1. We’d love you to share a little about your background

I was born in Bangladesh. At the time, my dad worked for the United Nations as a doctor and was posted to various refugee camps around the world. My first years were spent in Somalia and spent a couple of years in the United Kingdom, where dad was undergoing further training, before moving to the Middle East.

I came to Australia when I was 12 and grew up in Newcastle NSW, were I did my schooling. I attended medical school in Tasmania and by that time my family had moved to Blackall near Longreach in Queensland. After doing my hospital terms, I took various locum jobs in Dalby at an Aboriginal medical centre, then Beaudesert, and finally in Boonah, where I bought a completely off-grid farm with my wife.  

2. What prompted you to choose a career as a rural GP?

I was originally inspired to explore a career in rural medicine by directly observing my dad's work in outback Queensland.

I think that the variety of cases, the people themselves and the connections you build with your patient’s entire inter-generational family, is a strong attraction to rural GP work. As a rural GP you are required to be vastly more self-sufficient and demonstrate initiative on a daily basis as you are presented with unique, challenging and often complex cases.

3. Why did you choose to train with ACRRM on the Independent Pathway?

I felt that the ACRRM Independent Pathway better reflected the work we do as rural GPs. The way the program is structured and delivered acknowledges the challenges and commitment of a rural GP.  

4. What does a day or a week look like working as a Rural Generalist?

As a Rural Generalist I care for multi-generational families, from newborn babies through to nursing home and palliative care patients. I often conduct home visits to sometimes quite remote homesteads as well as after-hours and on-call rosters.

I also spend a good portion of my time managing mental health issues as well as surgical procedure, which can be as simple as the removal of a mole to more complex injuries that are often sustained on farms.  

5. We are sure you have had some interesting events occur in your work - what are some you can share?

I am continually amazed by the resilience and friendliness of rural people! For example, a male patient came to me with a rusty nail in his ‘umm…’ (will leave that to your imagination) that was there for several months!

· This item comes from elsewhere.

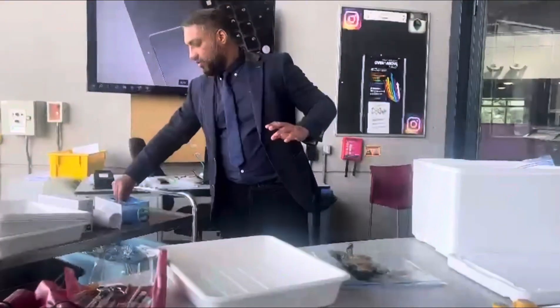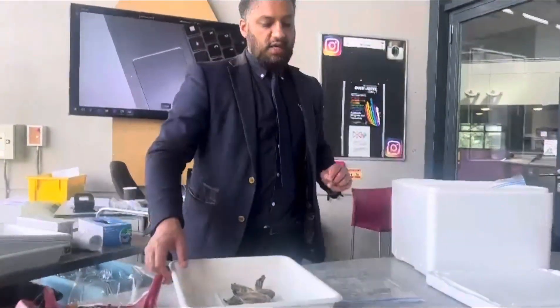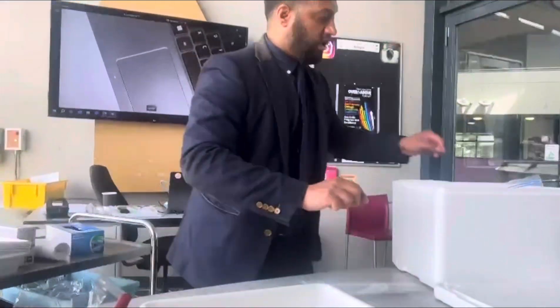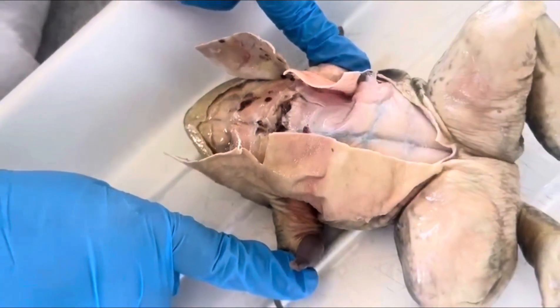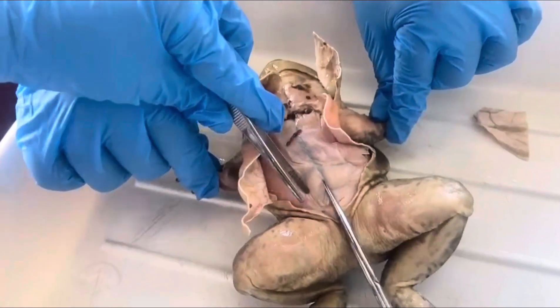Honestly, absolutely amazing. So what I'm going to do now is show you how to dissect it. You just need to listen for about five minutes or so and then we'll just go from there. I'll give you a dissection kit each. Dissection kit, frogs — I'll leave one on each table. What I like is for you to start cutting it open and doing what you need to do. This one's a huge one — look at that. It's going to dance just a little bit.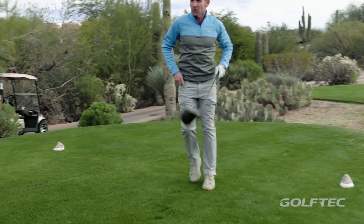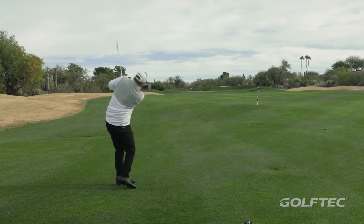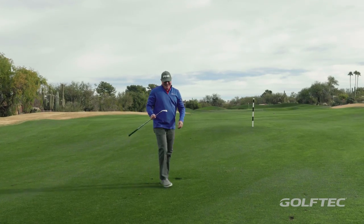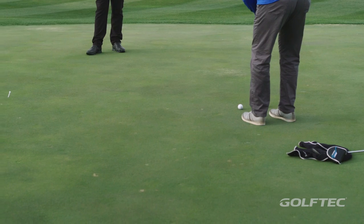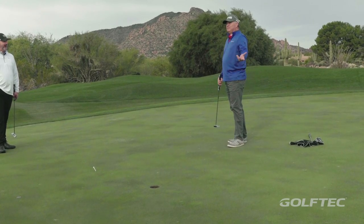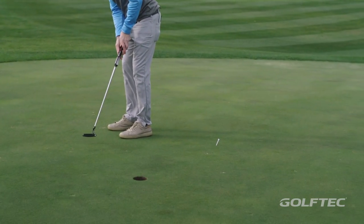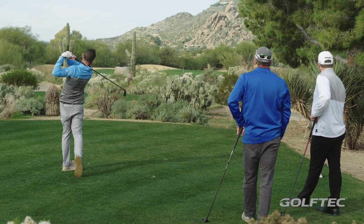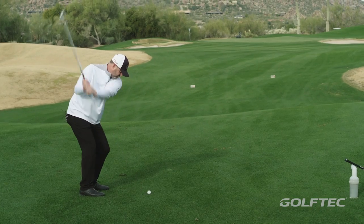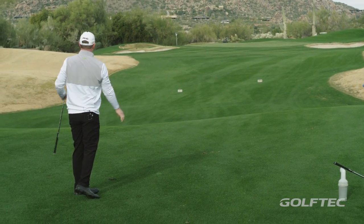Even with that heel shot it still actually feels pretty good. Those things go - it's a little cold but man that felt really good. It does sound good. Okay, center of the grain so you're long again.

When I wanted to send him to hospital, he walked out as he needed to muster cattle and didn't have time to be in hospital.

Another definite novelty is the frequent delivery of fresh produce including home-grown mangoes, farm-fresh eggs and all types of vegetables, which people are happy to share.

6. How are you involved in your local community?

My wife and I have a large property in the local area and are actively involved in ‘Land For Wildlife’ and livestock management. We manage pest populations on our property, which means extensive coordination and consultation with our neighbours. We both volunteer at the local historical village and participate in local hobby clubs. We are also involved in dog obedience, dog conformation shows, and participate in local shooting competitions.

Dr Abdullah Akram is an ACRRM Independent Pathway registrar. Visit our Independent Pathway page to learn more about this flexible Fellowship training option.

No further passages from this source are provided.